A formal deformation of an associative $k$-algebra $A$ is a $k[[h]]$-bilinear multiplication on $A[[h]]$ of the form $$ a \cdot b = ab + m_1(a,b)h + m_2(a,b)h^2 + \dots $$ where the first term is given by the original multiplication on $A$. This type of deformation is connected with the Hochschild cohomology $HH^\bullet(A)$. As I understand it, for a semisimple algebra $A$, the Hochschild cohomology vanishes in degree $\ge 1$, and this implies that a matrix algebra has no deformations in the formal sense. So I guess there isn't much of a question so far.

Deformation of Structure Constants

In this context, we fix a natural number $n$ and a vector space $V$ with a fixed basis $a_1, \dots, a_n$, and we consider associative algebra structures on $V$. The structure constants of an algebra $A$ with underlying vector space $V$ with respect to this basis are the complex numbers $c_{ij}^k$ such that $$ a_i a_j = \sum_{k}c_{ij}^k a_k, $$ and these numbers clearly determine the algebra. This gives us a point in $\mathbb{C}^{n^3}$. Associativity gives us some polynomial constraints on the structure constants, so we can think of the collection of $n$-dimensional associative algebras as some kind of algebraic variety in $\mathbb{C}^{n^3}$. (I know very little algebraic geometry, so please excuse/correct me if am using the wrong terminology.) Since one can take many different bases for an algebra, this variety overcounts associative algebras.

I don't know how this is proved, but as I understand things, semisimplicity is a Zariski-open condition in the variety of associative algebra structures, so semisimplicity is preserved under small deformations, and so a small deformation of $M_n(\mathbb{C})$ is still semisimple.

Question 1

Is the property of being a matrix algebra preserved under deformation of structure constants?

Deformation of Relations

This is the most flexible setting, and the one in which I am most interested. Here we consider algebras with a fixed collection of generators and a fixed number of relations, and we allow the relations to vary smoothly. This allows the dimension of the algebra to vary as well. However, this is also the hardest notion to formalize.

An example will illustrate what I mean. Consider the family of algebras $$ A_t = \mathbb{C}[x]/(tx^2 -x),$$ where $t$ varies in $\mathbb{C}$. Clearly there is a drop in dimension at $t=0$, although generically the dimension is constant.
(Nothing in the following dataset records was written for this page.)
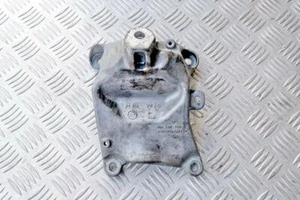 Audi A4 S4 A5 S5 2017 right engine mount bracket 8W0199308L - Picture 1 of 2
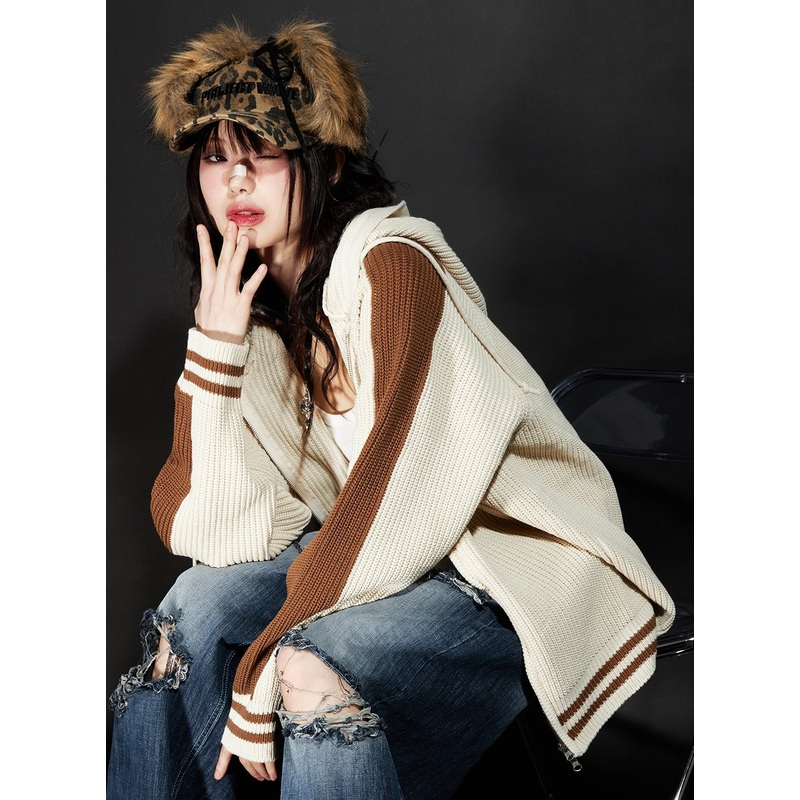 Oversized Hooded Knit Jacket CJ523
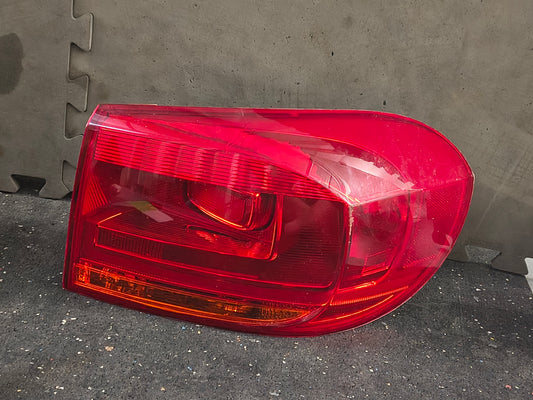 2018-2024 Volkswagen Tiguan Passenger Side Outer Tail Light Assembly - CAPA Certified (Quarter Panel Mounted) 🚘💡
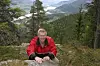 HØYT: Prosjektleder Bjørn Rusten hos Veidekke Entreprenør AS på pynten av kollen der blokk A skal bygges. - Ikke noe for folk med høydeskrekk, sier han.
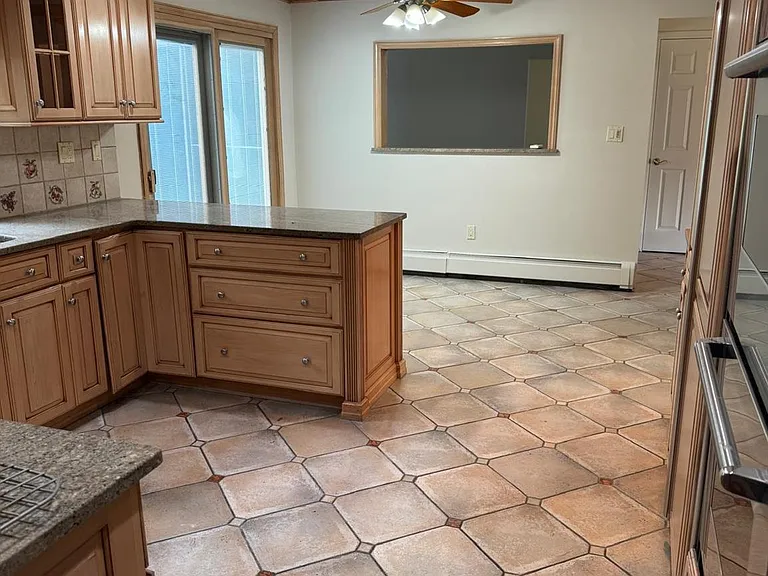 24 Beaumont Dr — Photo 13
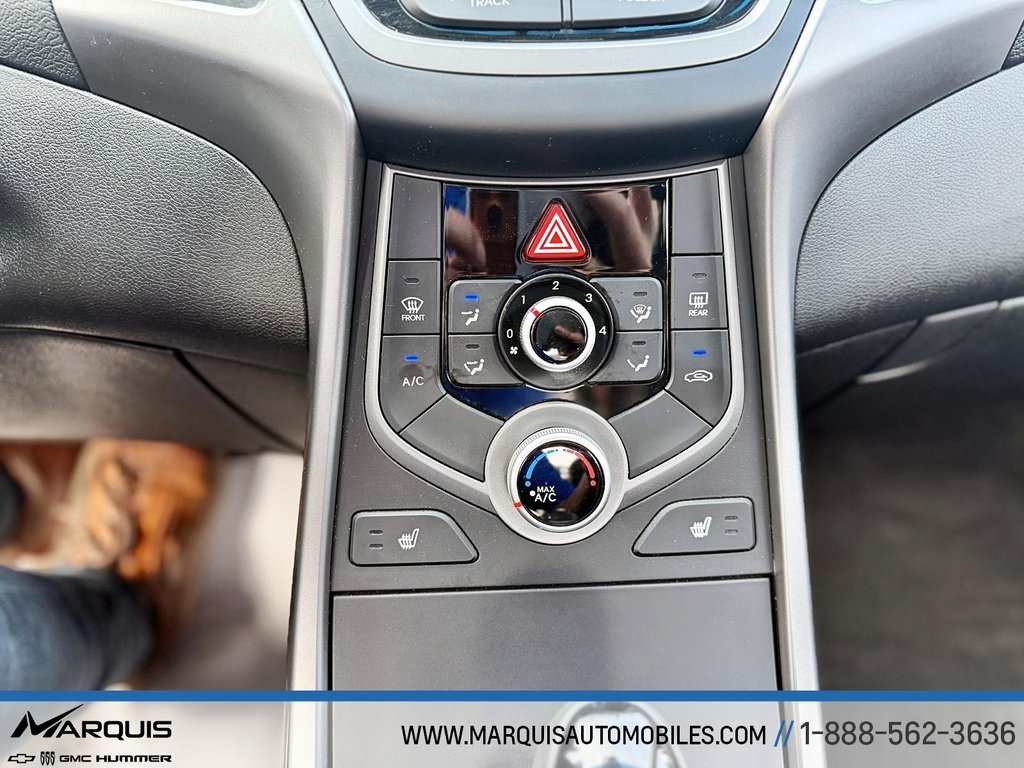 2015 Hyundai Elantra in Matane, Quebec - 10 - w1024h768px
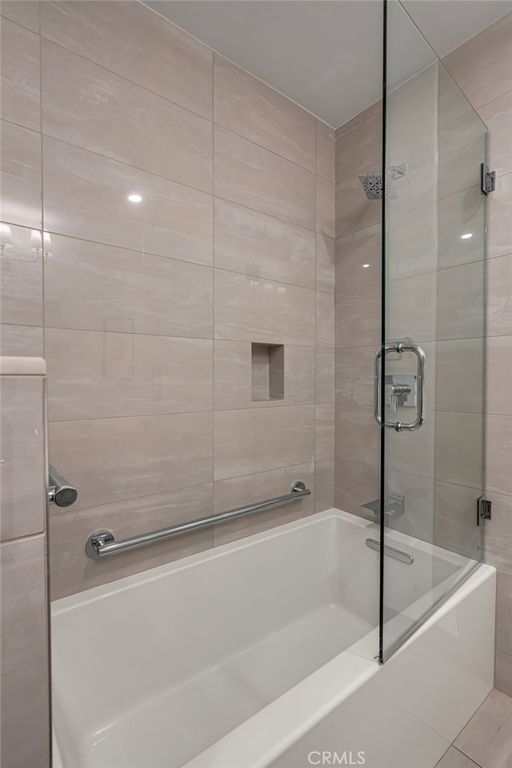 Image 33 of property listing at 3641 Somerset, Los Angeles, CA 90016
A slightly more complicated example is given by the family $B_t$, where $$ B_t = \mathbb{C} \langle x,y \mid x^2 = y^2 = 0, \quad xy + yx = 2t \rangle.$$ In this example the dimension is constant, but at $t=0$ one has the exterior algebra $\Lambda(\mathbb{C}^2)$, while for $t \neq 0$ this is the Clifford algebra of $\mathbb{C}^2$ with respect to a nondegenerate bilinear form, and hence $B_t \simeq M_2(\mathbb{C})$ for $t \neq 0$.

Question 2

What is a good way to formalize this notion of deformation?

A first guess would be something like this: fix a space of generators $V$, a number of relations $k$, and a base manifold $M$ (in my above examples $M=\mathbb{C}$). To limit things a bit, I guess I would like to consider only quadratic-linear relations. Allowing these relations to vary means giving a smooth function $$F : M \to \mathrm{Gr}_k(\mathbb{C} \oplus V \oplus V^{\otimes 2})$$ and considering the "bundle" (sheaf?) of algebras $$ A_p = T(V)/ \langle F(p)\rangle, \quad p \in M $$ over $M$.

However, I'm not sure if that completely captures what I want. I might also insist that the projection of each $F(p)$ onto $V^{\otimes 2}$ has no kernel (which is not the case for the first example I described, but is the case for the second).

Question 3

Given the setup just described (or an appropriately modified version of your choosing), what are some conditions on $M$, $F$ such that the property "$A_p$ is a matrix algebra" is local on $M$?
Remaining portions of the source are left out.